YOSEMITE NATIONAL PARK, Calif. — Yosemite National Park’s largest grove of giant sequoias remained closed Saturday, a day after hundreds of people were ordered to evacuate as a wildfire burning through dense forest became the latest to threaten the largest trees in the world.
A crew was dispatched to Mariposa Grove to wrap some of the massive trunks in fire-retardant sheeting to protect them as the blaze burned out of control, said Nancy Phillip, Yosemite fire information spokeswoman. More than 500 mature sequoias were threatened, but there were no reports of serious damage to named trees, such as the 3,000-year-old Grizzly Giant.
The cause of the fire was under investigation and the rest of the park remained open, although park cameras showed thick smoke hanging in the air around some of the park’s most iconic sights.
The fire grew overnight but did not threaten new areas, Philip said. It proved difficult to contain, with firefighters using “every tactic you can imagine,” she said. That includes aerial drops of fire retardant, as well as the planned use of bulldozers to create fire lines, a tactic rarely used in a desert environment like Yosemite, Philip said.
The bulldozers will primarily be used to put in fire lines to protect the community of Wawona, which is surrounded by the park and is home to several hundred people, she said. Evacuation orders were issued Friday for the community as well as Camp Wawona, where about 600 to 700 people were staying in a camp, cabins and a historic hotel.
Giant sequoias, found in only about 70 groves along the western slope of California’s Sierra Nevada Mountains, were once considered impervious to flames, but have become increasingly vulnerable as wildfires fueled by undergrowth build-up from a century of fire suppression and drought, exacerbated by climate change has become more intense and destructive.

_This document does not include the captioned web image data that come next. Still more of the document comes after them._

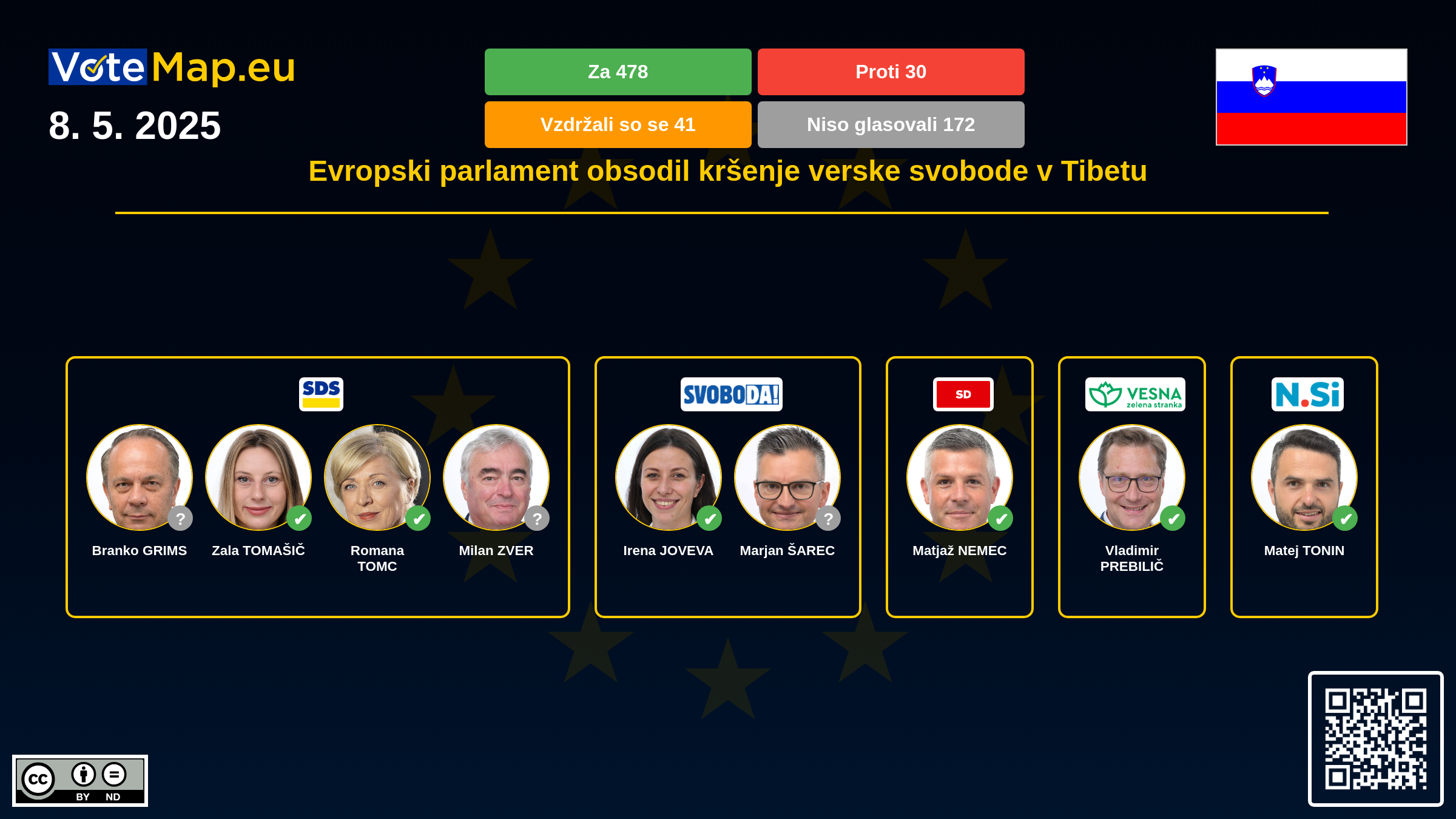 Infographic Image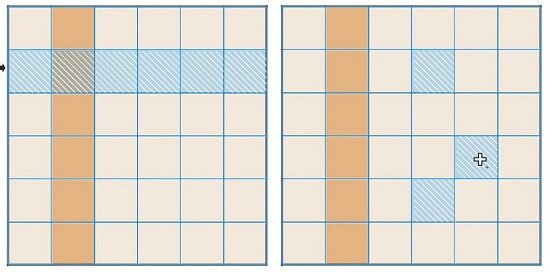 Рис. 1. Примеры таблиц с цветным фоном и выделенными строкой и отдельными ячейками.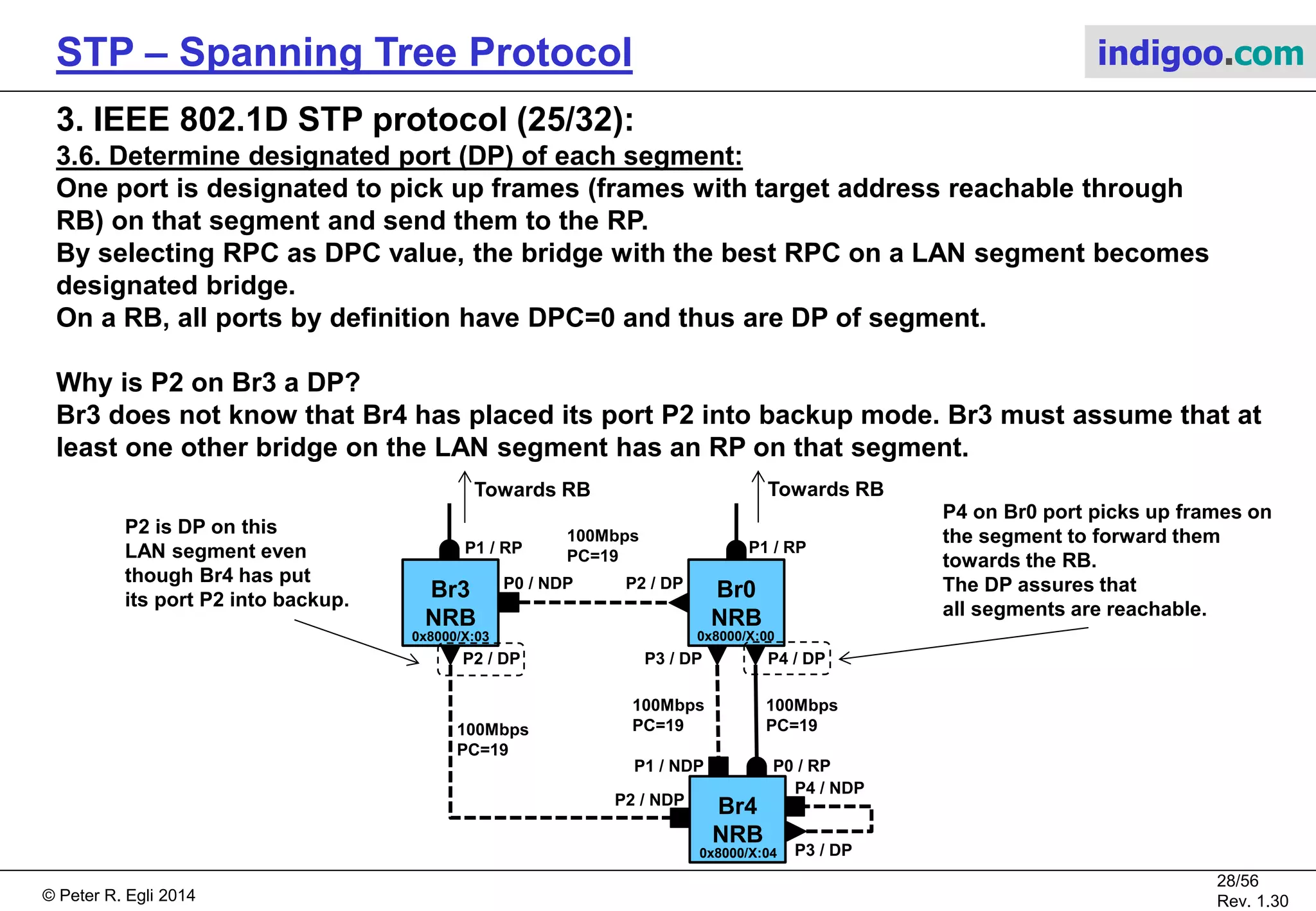 © Peter R. Egli 2015
28/57
Rev. 1.60
STP – Spanning Tree Protocol indigoo.com
3. IEEE 802.1D STP protocol (24/32):
3.5. Determine root port (RP) on each bridge:
Example equal RPC (Br4):
RPC may not suffice to determine the root port. Multiple ports may have identical RPC.
Br4 has 3 ports with RPC=19+19=38 (P0, P1, P2).
Br4 favors P0 and P1 over P2 because the neighbor BID of P0 and P1 is 0x8000/X:00 and thus
better than the neighbor BID through P2 (0x8000/X:03).
Finally, Br4 selects P0 as RP because it has
a better port ID than P1 (both ports have the same
priority, but P0 has the lower port number).
Br2
RB
Br3
NRB
P1 / DP
P2 / DP100Mbps
PC=19
P1 / RP
Br0
NRB
P1 / RP
P2 / DP
100Mbps
PC=19
100Mbps
PC=19
0x4000/X:02
0x8000/X:03 0x8000/X:00
Br4
NRB
0x8000/X:04
P3 / DP P4 / DP
100Mbps
PC=19
P1 / NDP
P2 / NDP
100Mbps
PC=19
P0 / RP
100Mbps
PC=19
P4 / NDP
P3 / DP
P2 / DPP0 / NDP
 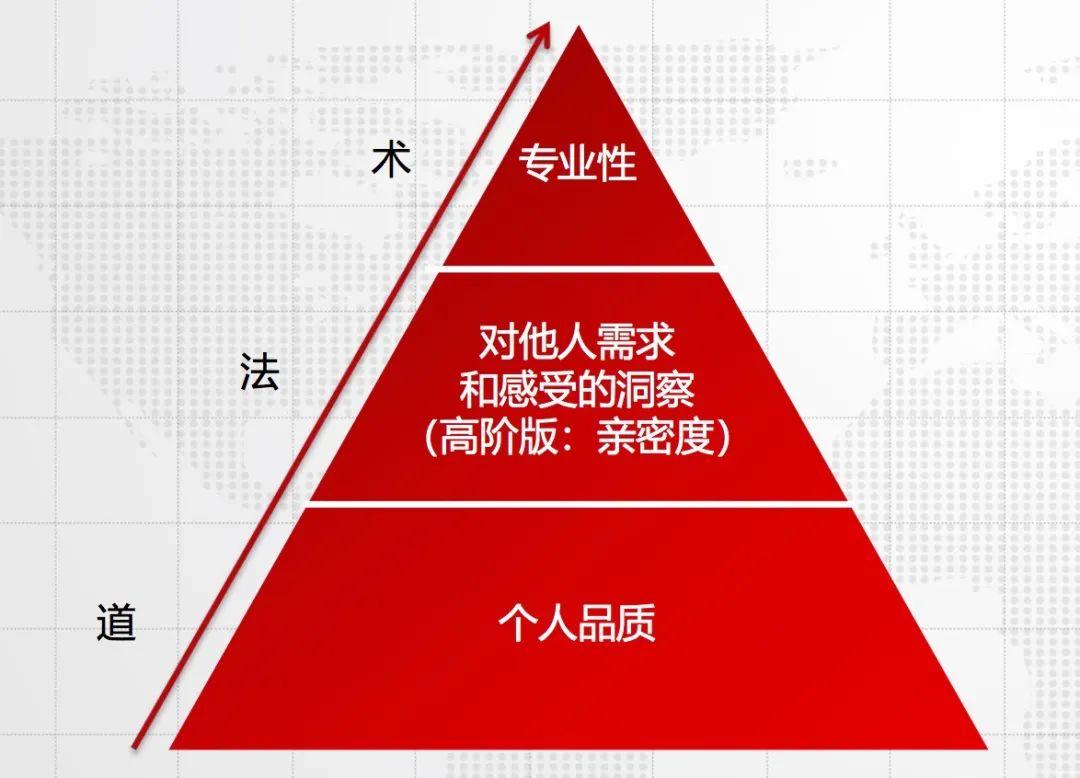 信任金字塔:三大层面拆解信任关系的建立 - 知乎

Wildfires sparked by lightning in the past two years have killed up to a fifth of the estimated 75,000 big redwoods, the largest trees by volume.
There was no apparent natural spark for the fire that broke out Thursday near the park’s Washburn Trail, Phillip said. The smoke was reported by visitors walking in the grove, which reopened in 2018 after a $40 million renovation that took three years.
The grove, which is located at the southern entrance to the park, was evacuated and no one was injured.
The fire had grown to about 1.1 square miles (2.8 square kilometers) by Saturday morning.
A violent windstorm tore through the grove a year and a half ago and toppled 15 giant sequoias along with countless other trees.
The downed trees, along with the huge number of pine trees killed by bark beetles, provided ample fuel for the flames.
The park has used prescribed burns to clear brush around the redwoods, which helps protect them if the flames spread further into the grove.
“When unwanted fires hit these areas, it slows the rate of spread and helps us achieve some control,” Philip said.
In the Sierra foothills, 80 miles (128 kilometers) northwest of the Yosemite fire, some evacuation orders were lifted as containment grew to 72 percent of the Electra fire, which broke out near Jackson on Monday. That temporarily forced about 100 people celebrating the Fourth of July holiday by a river to seek shelter at a Pacific Gas & Electric Co. facility.